# Exercise directions:
Please write out every line of the material, leaving out any picture.

# Exercise data:

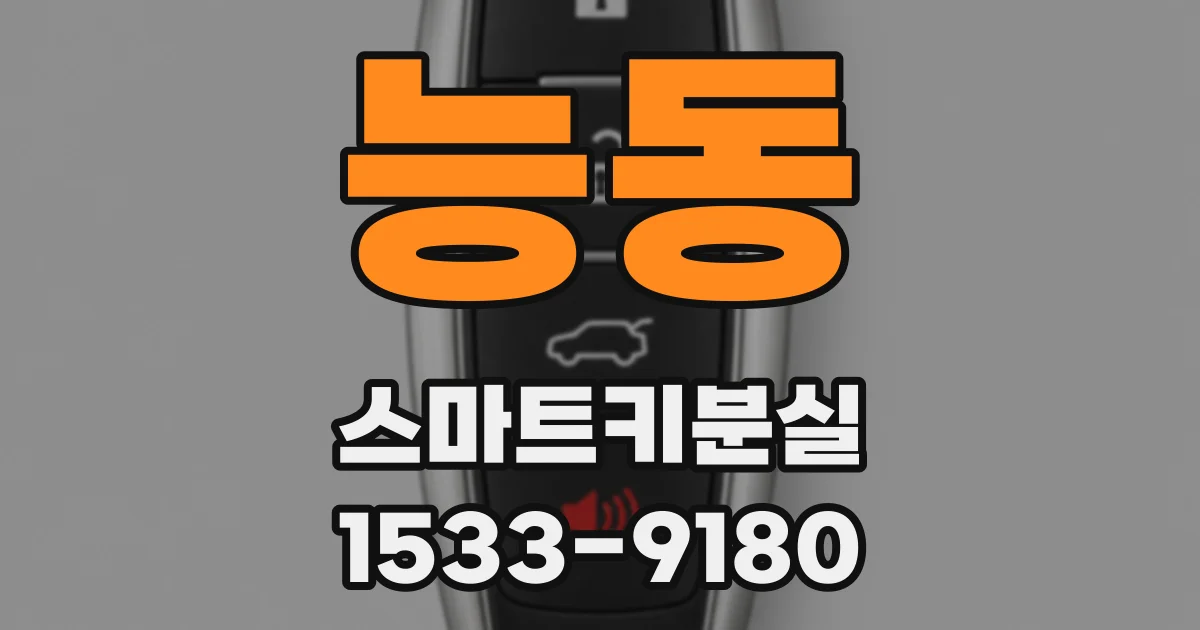 능동 스마트키분실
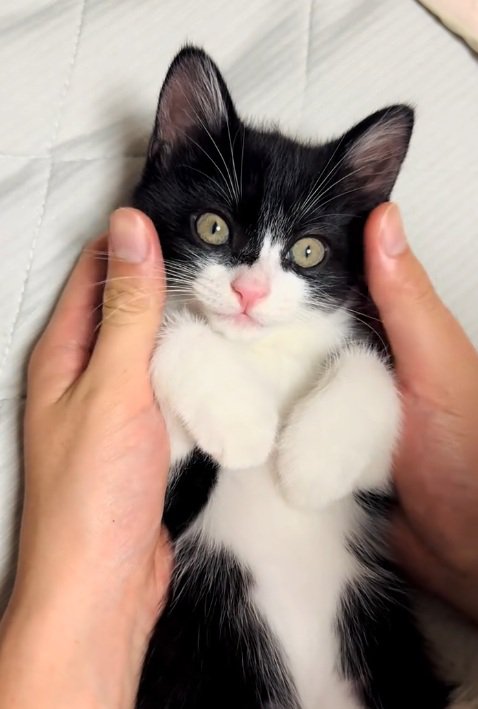 両手で包まれて寝ている子猫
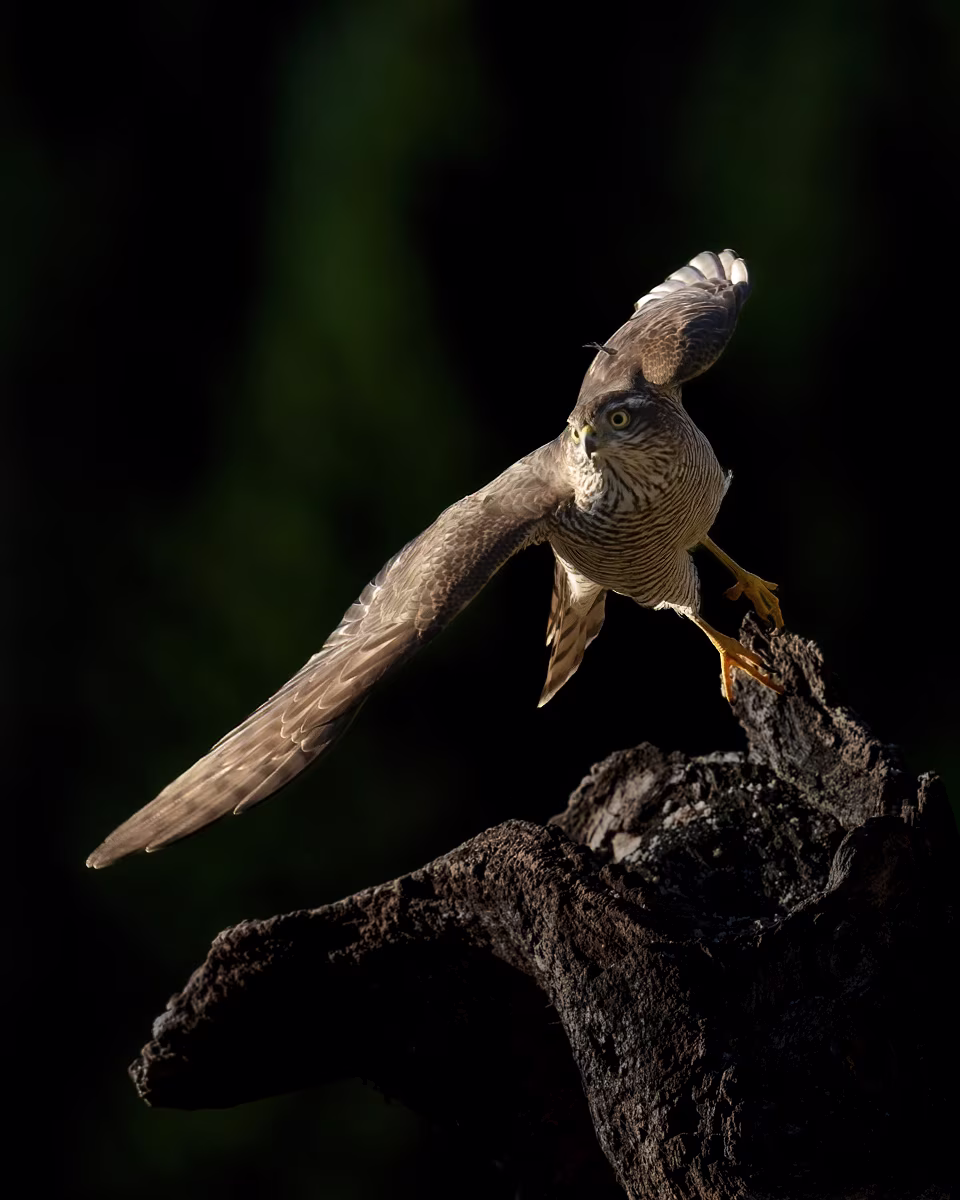 Sparrowhawk ready to hunt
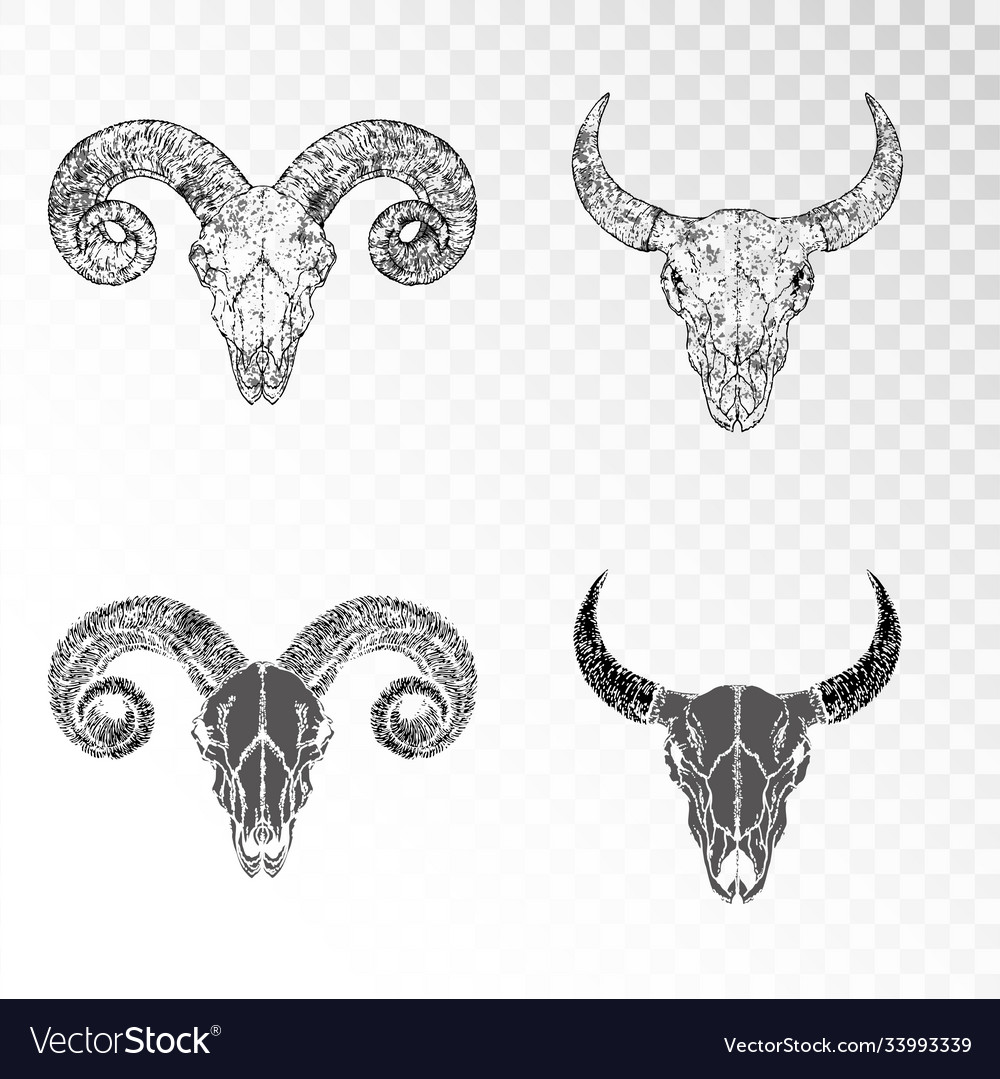 Set hand drawn skulls horned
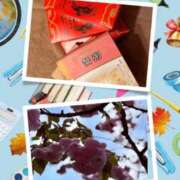 ヒメ日記 2026/04/02 22:39 投稿 宝生雫 ローテンブルク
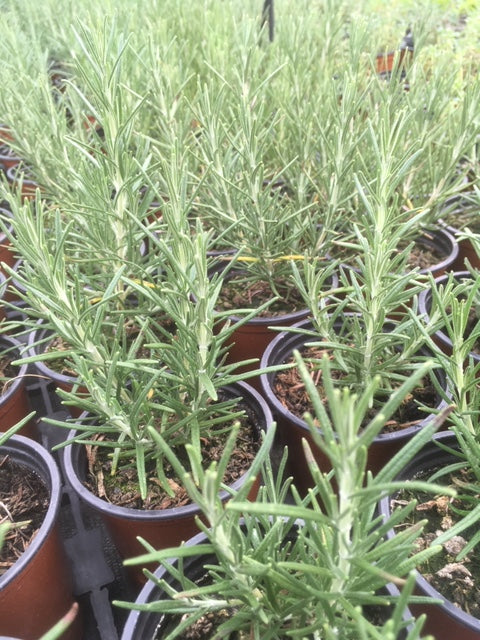 Rosemary: Sudbury Blue (Rosmarinus officinalis 'Sudbury Blue') - The Culinary Herb Company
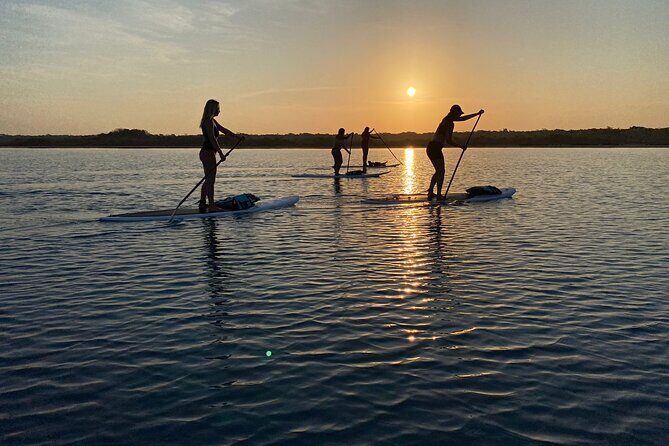 Private Paddleboard Experience in Bacalar - Stop-by-stop: Bird Island, Black Cenote, and Emerald Cenote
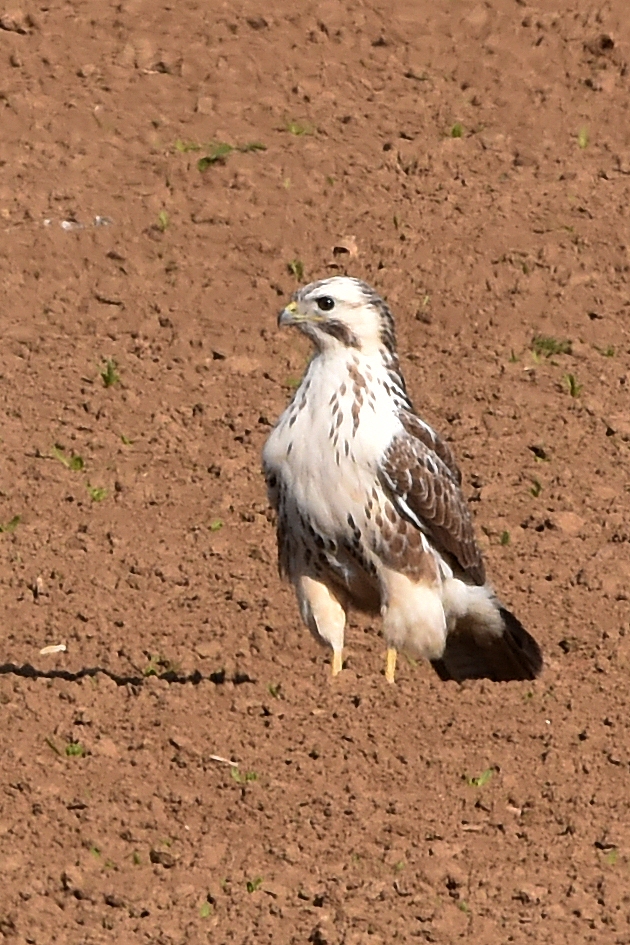 Leuchtzeichen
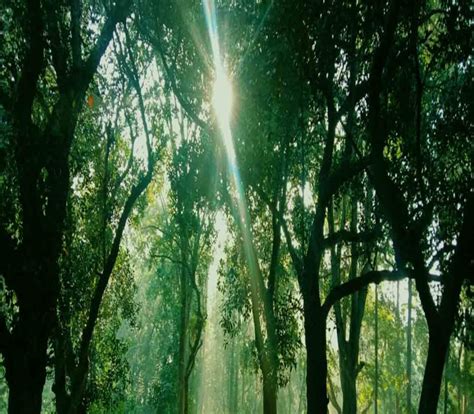 Rema Kalenga Wildlife Sanctuary 5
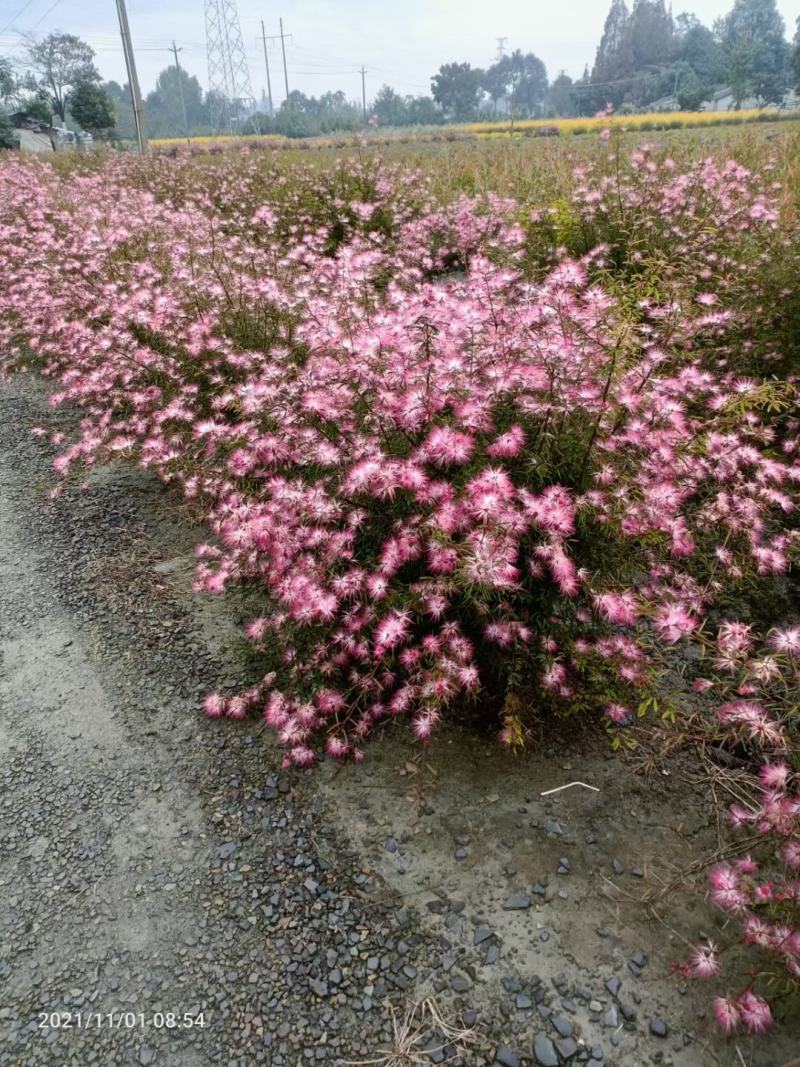 香妃，香水合欢，四川香水合欢基地出售，成都香妃批发价格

# Your solution:
 능동 스마트키분실
 両手で包まれて寝ている子猫
 Sparrowhawk ready to hunt
 Set hand drawn skulls horned
 ヒメ日記 2026/04/02 22:39 投稿 宝生雫 ローテンブルク
 Rosemary: Sudbury Blue (Rosmarinus officinalis 'Sudbury Blue') - The Culinary Herb Company
 Private Paddleboard Experience in Bacalar - Stop-by-stop: Bird Island, Black Cenote, and Emerald Cenote
 Leuchtzeichen
 Rema Kalenga Wildlife Sanctuary 5
 香妃，香水合欢，四川香水合欢基地出售，成都香妃批发价格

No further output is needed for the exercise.